第2吸収体には、溝が設けられることが好ましい。第2吸収体に開口ではなく溝を設けることにより、吸収性物品のバックシート側からの漏れが起こりにくくなり、また、第2吸収体に尿等が速やかに吸収されやすくなる。
第2吸収体に溝が設けられる場合、第2吸収体が次のように構成されれば、第2吸収体に製造上簡便に溝を形成することができる。すなわち、第2吸収体は吸水性樹脂とパルプ繊維を含有する成形体を有し、当該成形体は、トップシート側に設けられた上側成形体とバックシート側に設けられた下側成形体から構成され、上側成形体に前後方向に延びる開口が設けられ、下側成形体が上側成形体の開口と重なって設けられることにより、成形体に前後方向に延びる溝が形成されてもよい。この場合、下側成形体は上側成形体の開口を完全に覆うように上側成形体の下側に配されることとなる。
第2吸収体の溝または開口の幅(幅方向の長さ)は、例えば、8mm以上が好ましく、10mm以上がより好ましく、また30mm以下が好ましく、25mm以下がより好ましい。第2吸収体の溝または開口の幅が8mm以上であれば、尿等の前後方向への拡散性が高められ、第2吸収体の溝または開口の幅が30mm以下であれば、第2吸収体の吸収容量が増大する。
第1吸収体と第2吸収体の前後方向の長さは特に限定されない。第1吸収体と第2吸収体の幅方向の長さも特に限定されない。なお、第1吸収体は、シート部材の間に吸水性樹脂を有しパルプ繊維を有しないように構成され、比較的厚みが薄く形成されるため、第1吸収体の形状保持性を考慮すると、第2吸収体は第1吸収体の前後方向と幅方向の長さと同じかそれより長く形成されることが好ましい。
吸収性物品に立ち上がりフラップが設けられる場合は、第1吸収体は、立ち上がりフラップの立ち上がる起点となる基部よりも幅方向の内方に設けられ、第2吸収体は、立ち上がりフラップの基部よりも幅方向の外方に延在するように設けられることが好ましい。この場合、第1吸収体の幅方向の端縁が、立ち上がりフラップの基部よりも幅方向の内方に位置することとなる。このように第1吸収体と第2吸収体が設けられていれば、第1吸収体上に尿等が多量に排泄されたりして第1吸収体から尿等が溢れ出ても、尿等が第1吸収体と立ち上がりフラップの基部との間の隙間を通って第2吸収体に移行し、第2吸収体で好適に吸収されるようになる。その結果、尿等の横漏れ防止効果が高まる。
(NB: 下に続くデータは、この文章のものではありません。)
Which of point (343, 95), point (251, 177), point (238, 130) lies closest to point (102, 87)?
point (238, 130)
第1吸収体が立ち上がりフラップの基部よりも幅方向の内方に設けられる場合、第1吸収体は、幅方向の端縁が、立ち上がりフラップの基部から内方に10mm以上離れて設けられることが好ましく、15mm以上離れていることがより好ましい。第1吸収体がこのように設けられていれば、第1吸収体から溢れた尿等が速やかに第2吸収体に移行しやすくなる。また第1吸収体は、幅方向の端縁が、立ち上がりフラップの基部から内方に40mm以下離れて設けられることが好ましく、30mm以下離れていることがより好ましい。第1吸収体がこのように設けられていれば、第1吸収体の設置面積が十分に確保され、第1吸収体による吸収容量が高められる。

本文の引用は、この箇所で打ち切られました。